▶ [Work required]
Print out every line of the material exactly. Include no pictures.

▶ [Records]
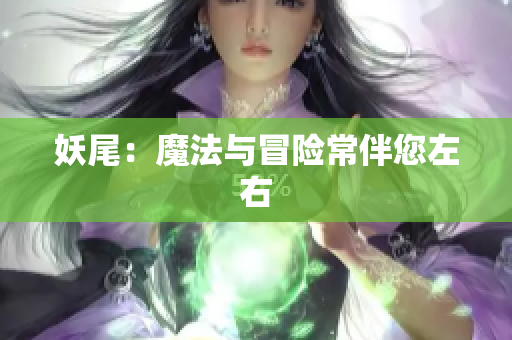 妖尾：魔法与冒险常伴您左右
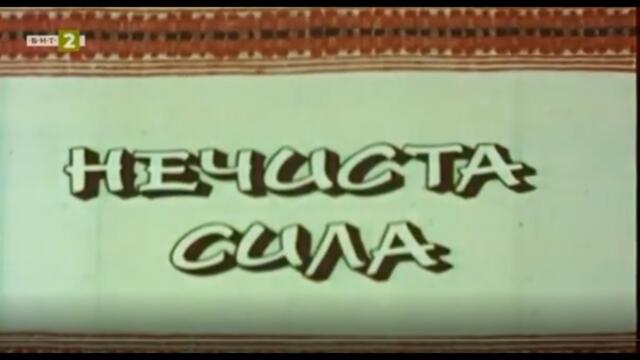 НЕЧИСТА СИЛА     БГ ФИЛМ    1978
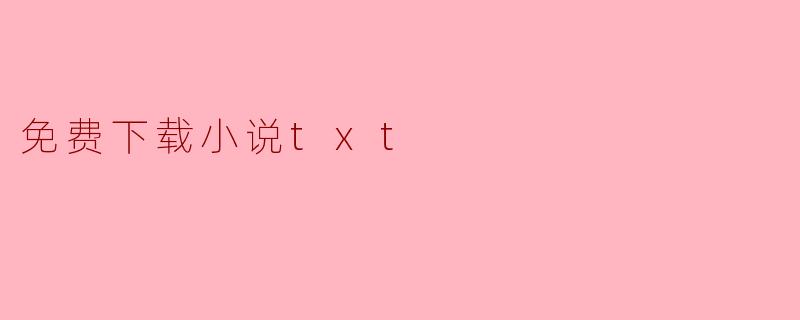 免费下载小说txt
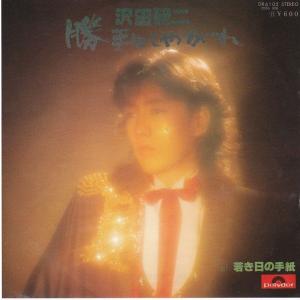 EPレコード 河合奈保子 / 17才 : レコード買取・販売 COCOBEAT - 通販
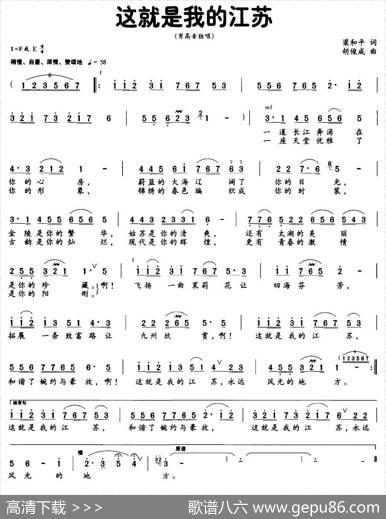 这就是我的江苏（梁和平词胡俊成曲） - 梁和平|胡俊成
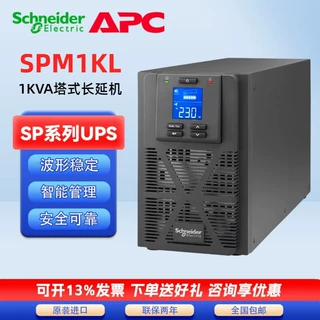 施耐德UPS不间断电源SPM塔式1KV 2K 3KW 6KL10KVA 外接蓄电池
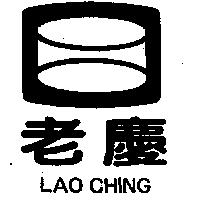 老慶及圖 LAO CHING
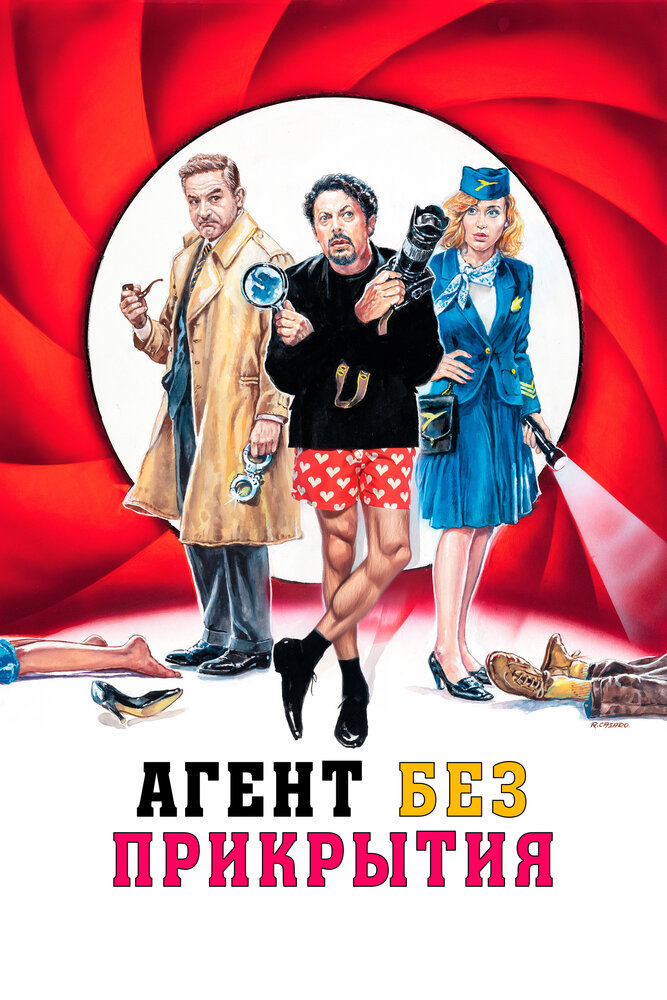 Агент без прикрытия (2023)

▶ [Written response]
 妖尾：魔法与冒险常伴您左右
 НЕЧИСТА СИЛА     БГ ФИЛМ    1978
 免费下载小说txt
 EPレコード 河合奈保子 / 17才 : レコード買取・販売 COCOBEAT - 通販
 这就是我的江苏（梁和平词胡俊成曲） - 梁和平|胡俊成
 施耐德UPS不间断电源SPM塔式1KV 2K 3KW 6KL10KVA 外接蓄电池
 老慶及圖 LAO CHING
 Агент без прикрытия (2023)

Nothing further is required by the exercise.